Feiza Ben Mohamed  | 04.11.2024 - Mıse À Jour : 10.11.2024
Assassinat de Samuel Paty : Le procès s’est ouvert devant la Cour d’Assises spéciale de Paris

Provence-Alpes-Cote d Azur

AA/Nice/Feïza Ben Mohamed

C’est un procès qui se veut historique, qui s’est ouvert ce lundi à Paris, devant la Cour d’Assises spécialement composée et qui doit durer jusqu’au 20 décembre selon le calendrier prévisionnel transmis par le Parquet National Antiterroriste (PNAT) à Anadolu.

Et pour cause, quatre ans après les faits, la justice aura à déterminer les responsabilités des huit accusés, dans l’assassinat, le 16 octobre 2020, de Samuel Paty, professeur d’histoire-géographie au collège du Bois d’Aulne à Conflans-Sainte-Honorine, décapité à la sortie des cours par un ressortissant russe, d’origine tchétchène, âgé de 18 ans.
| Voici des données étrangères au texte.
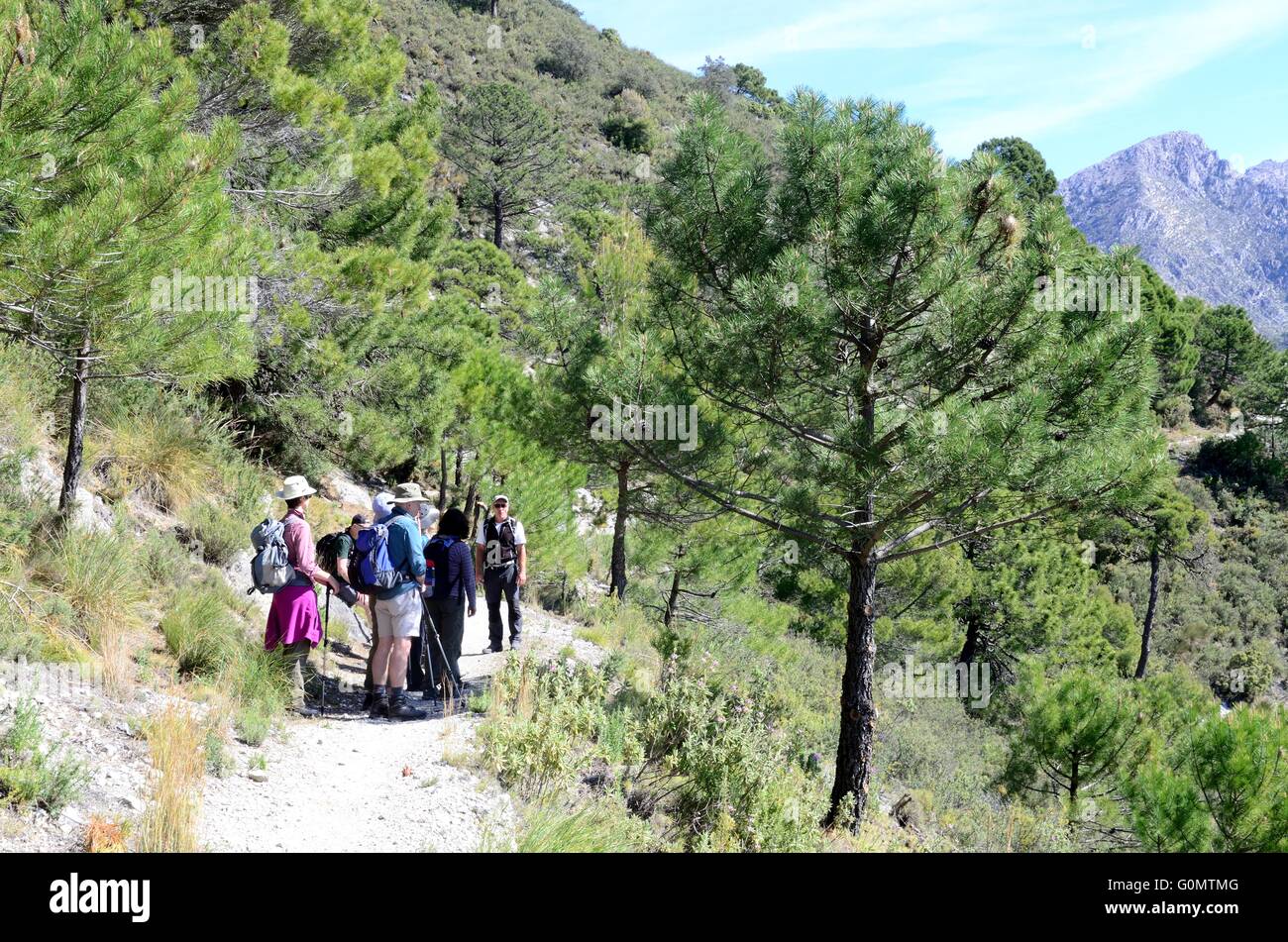 Wanderer auf der alten Seidenstraße durch Kalkstein Landschaften Sierra Tejeda spanischen Nationalpark Malaga Andalusien Spanien Stockfoto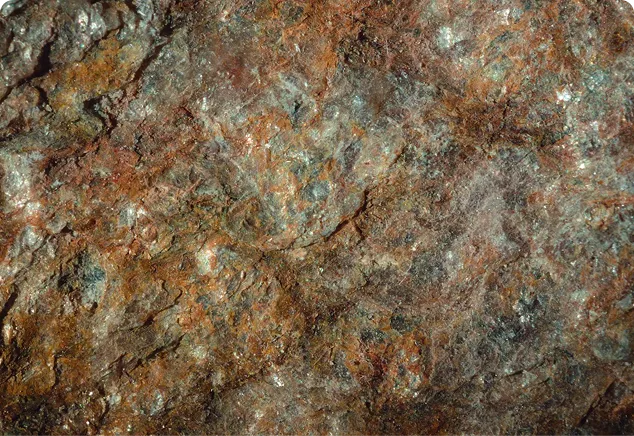 ingredient-img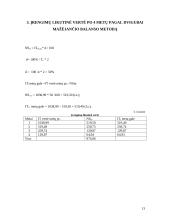 Ilgalaikio turto vertinimas ir nusidėvėjimo sumos skaičiavimas 13 puslapis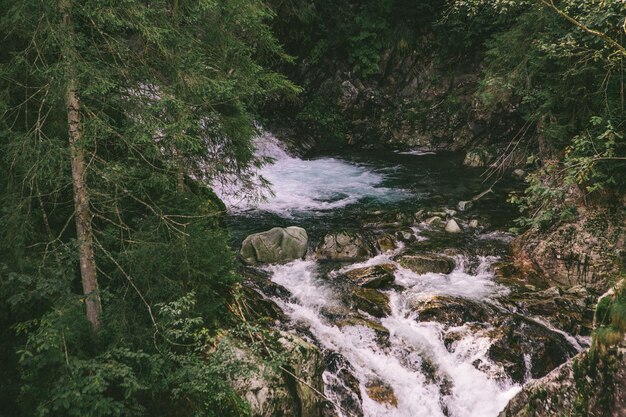 Vista della cascata nella foresta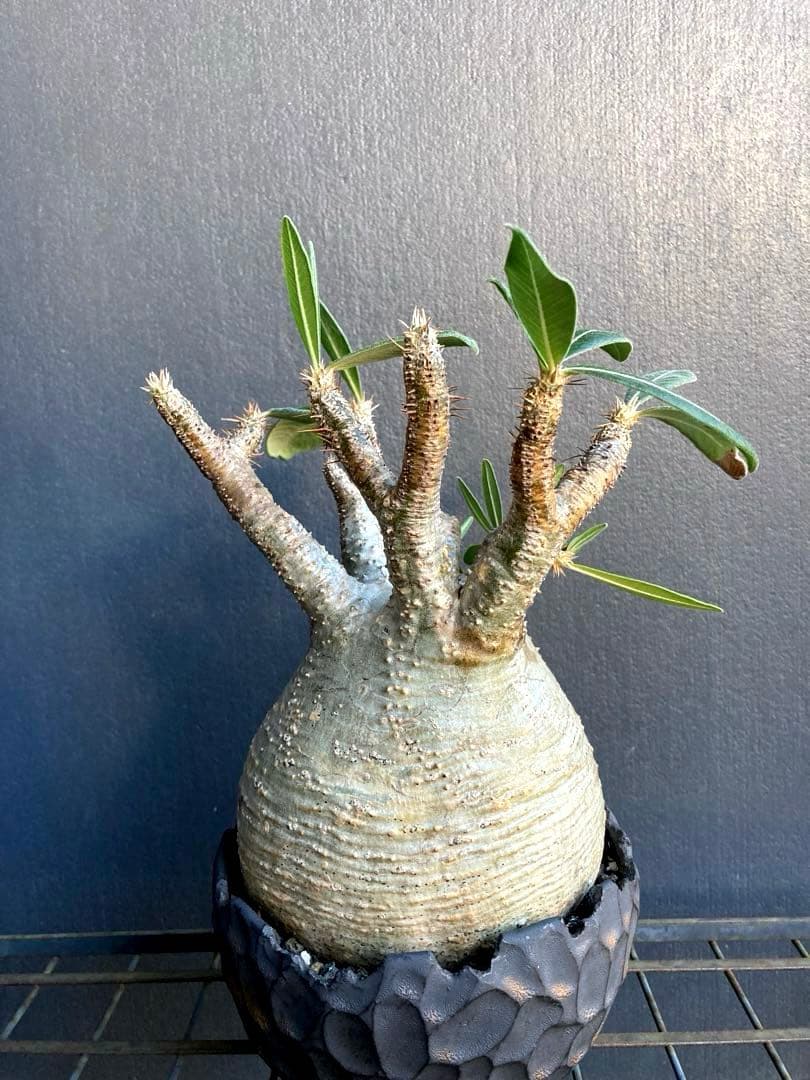 パキポディウム グラキリス 希少白肌横シワ まる型 塊根植物　作家鉢付き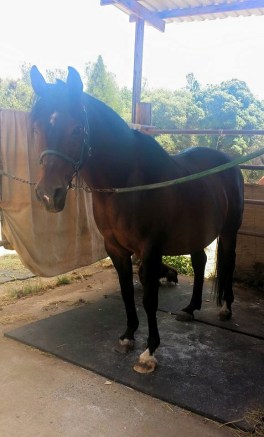 11709539_867583239346_1133770576769686850_n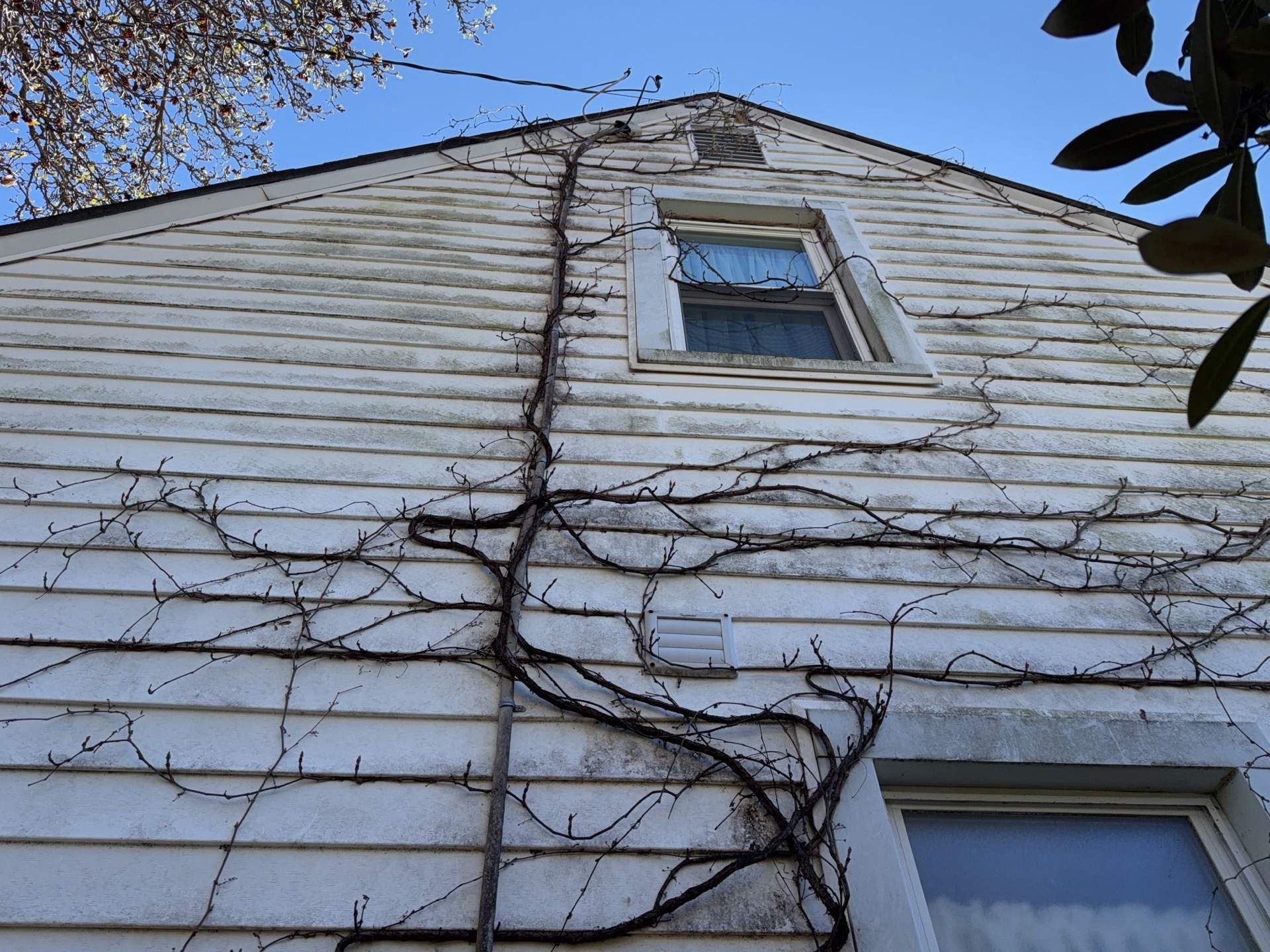 Autumn Yellow Makeover in New Kensington by Ideal Siding Pittsburgh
Son bourreau, Abdoullakh Anzorov, abattu dans la foulée par les forces de l’ordre, reprochait à l’enseignant d’avoir montré à ses élèves, des caricatures issues du journal satirique Charlie Hebdo et mettant en scène le prophète Mohammed.

L’attentat avait provoqué une onde de choc dans tout le pays, et le nom de Samuel Paty fait depuis office de symbole. Six mineurs ont déjà été condamné par le tribunal pour enfants, au terme d’un procès intervenu fin 2023.


  • Le profil des accusés


Au cours des sept semaines que durera ce procès présidé par un juge assisté de quatre assesseurs, le rôle des huit accusés âgés de 22 à 65 ans, dont cinq comparaissent détenus, va être examiné en détail pour déterminer les responsabilités de chacun, conformément à un arrêt de mise en accusation daté du 13 septembre 2023.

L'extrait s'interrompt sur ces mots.